#### INFORMATION PROVIDED
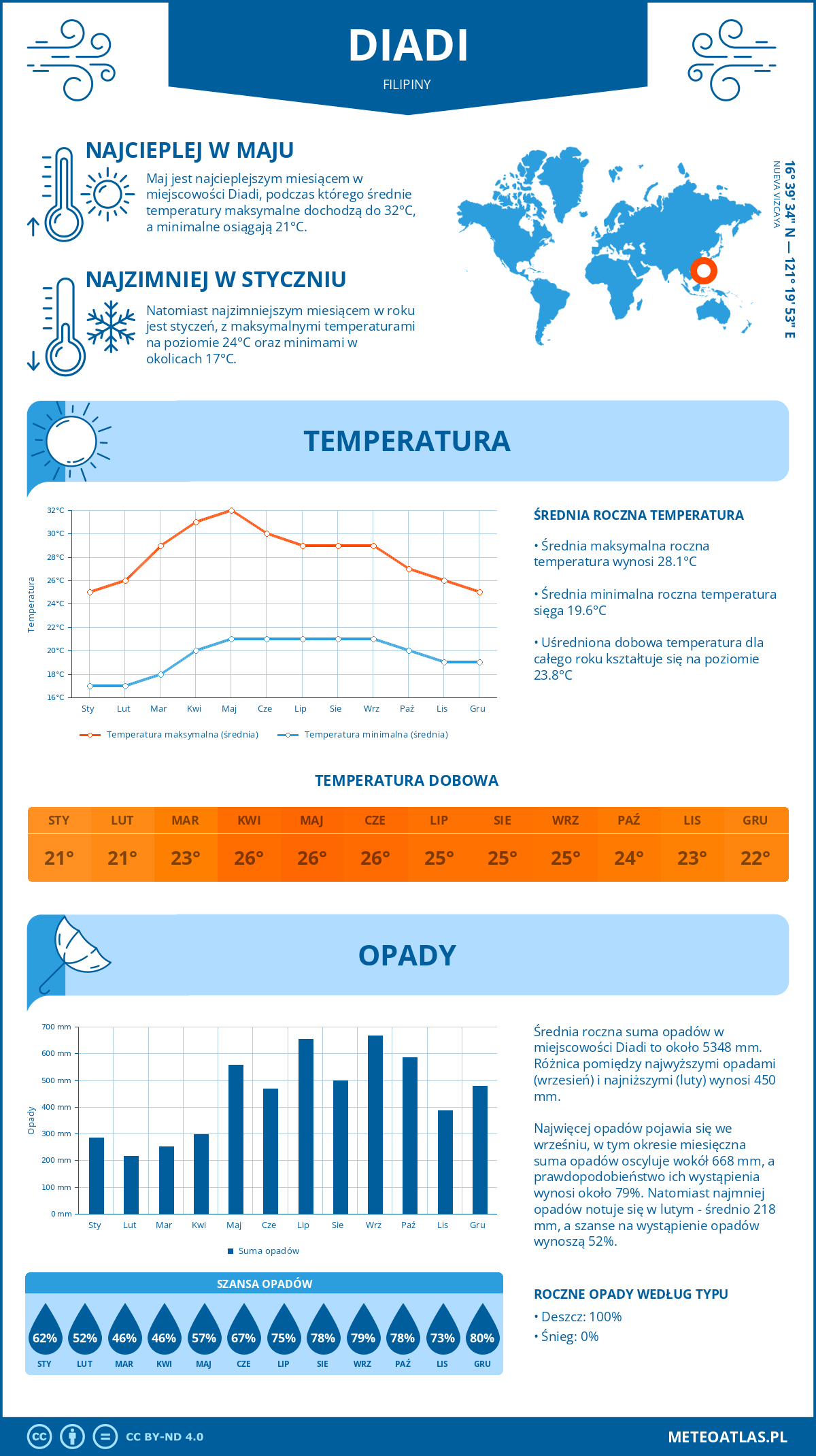 Infografika: Diadi (Filipiny) – miesięczne temperatury i opady z wykresami rocznych trendów pogodowych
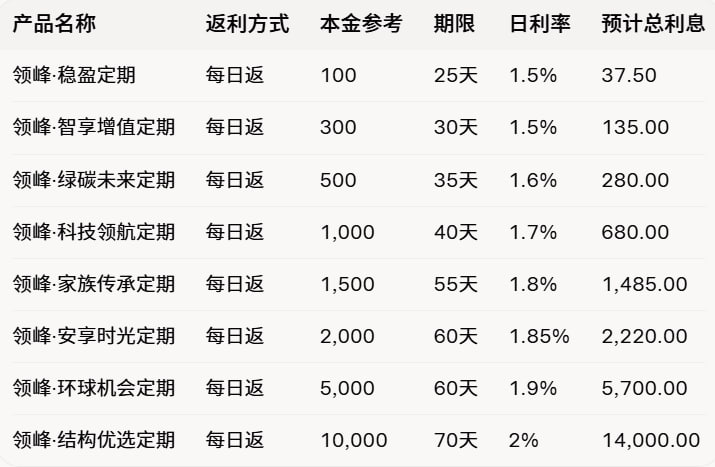 26年的新风口，固定长久粉红-汇一线首码网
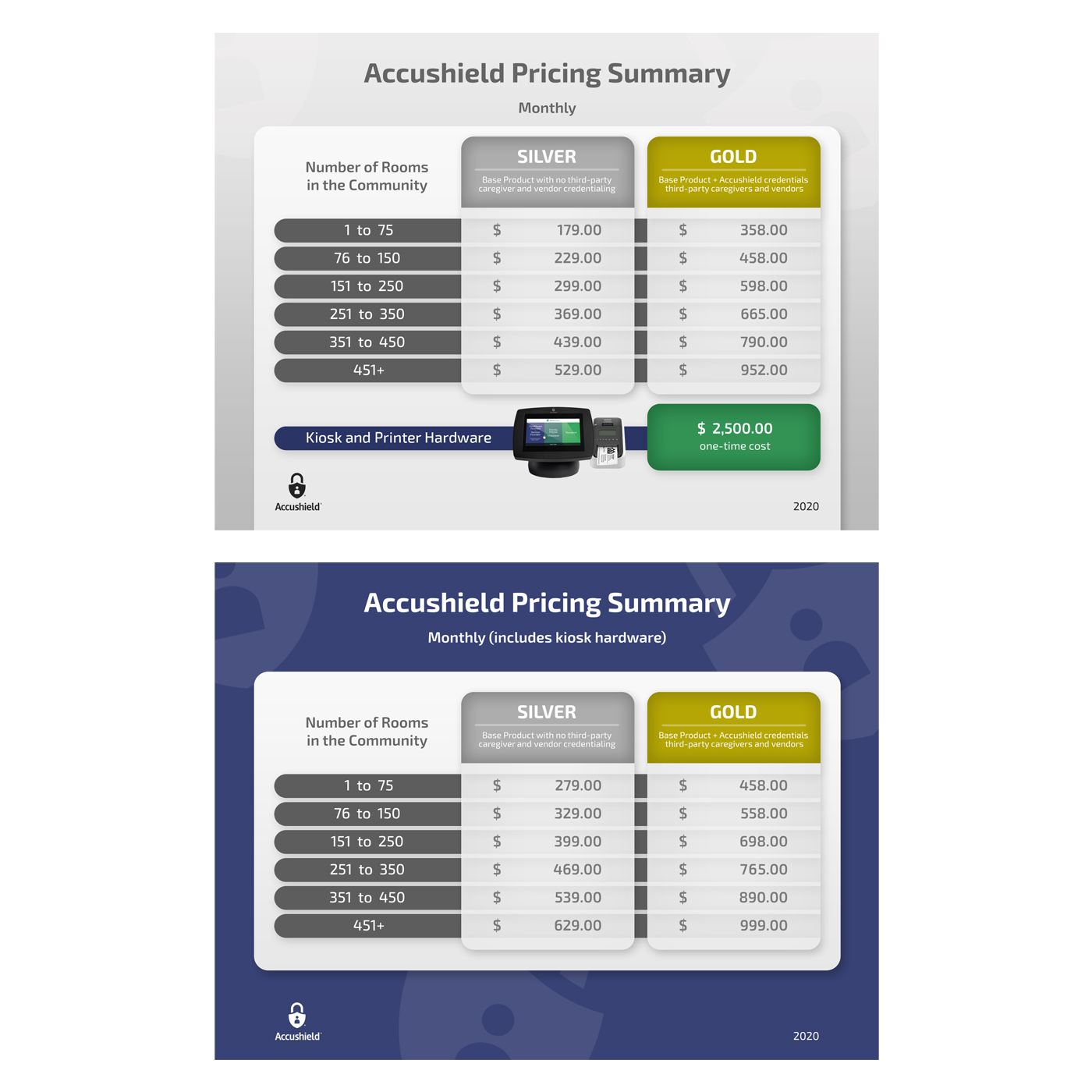 PowerPoint Design by Abiyoso28 for accushield | Design #23665756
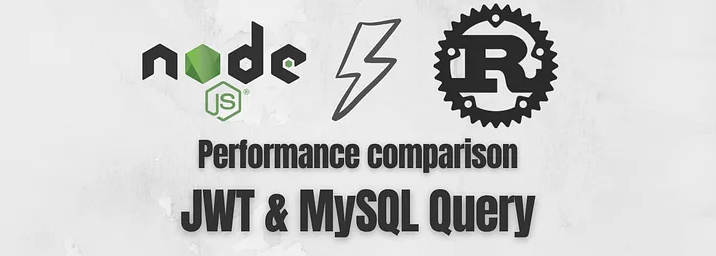 Example Dynamic OG Image link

#### YOUR ASSIGNMENT
Skip every picture and transcribe the data above exactly.

#### RESULT BELOW
 Infografika: Diadi (Filipiny) – miesięczne temperatury i opady z wykresami rocznych trendów pogodowych
 26年的新风口，固定长久粉红-汇一线首码网
 PowerPoint Design by Abiyoso28 for accushield | Design #23665756
 Example Dynamic OG Image link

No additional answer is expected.